*Provided material:*
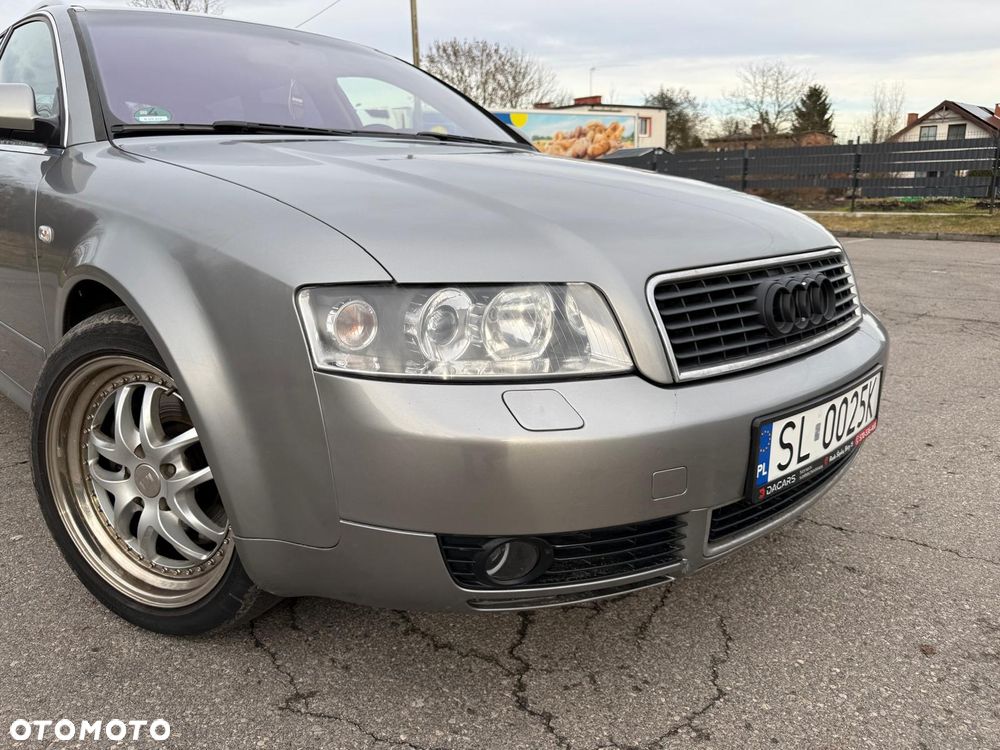 Audi A4 Avant 1.8 T multitronic - 5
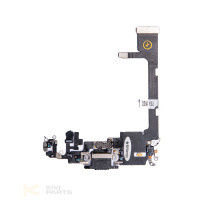 Розʼєм зарядки ( нижній шлейф ) iPhone 11 PRO Black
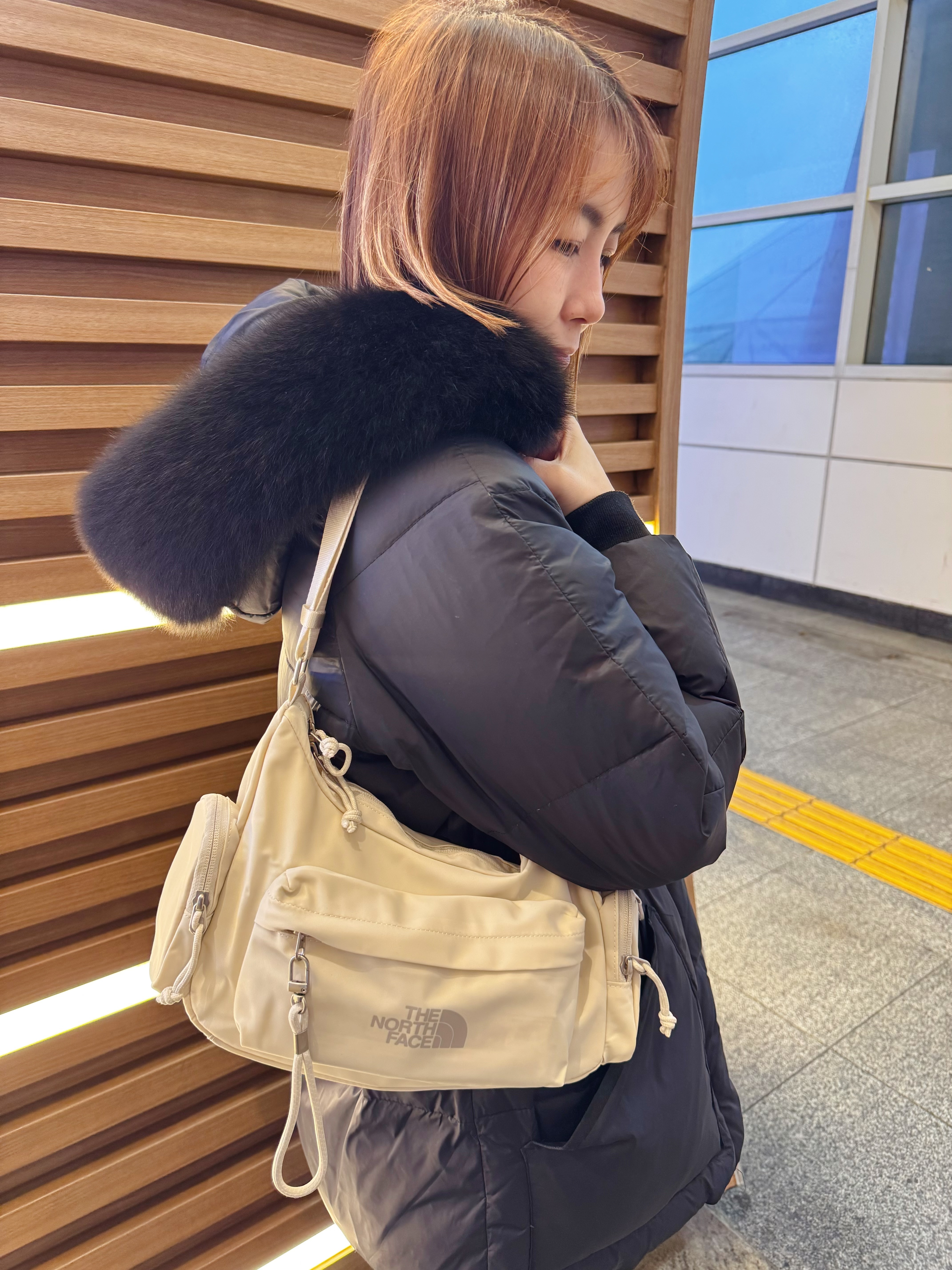 North face #多格袋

*What this task involves:*
Omit the pictures. Repeat the rest of the data exactly.

*Task solution:*
 Audi A4 Avant 1.8 T multitronic - 5
 Розʼєм зарядки ( нижній шлейф ) iPhone 11 PRO Black
 North face #多格袋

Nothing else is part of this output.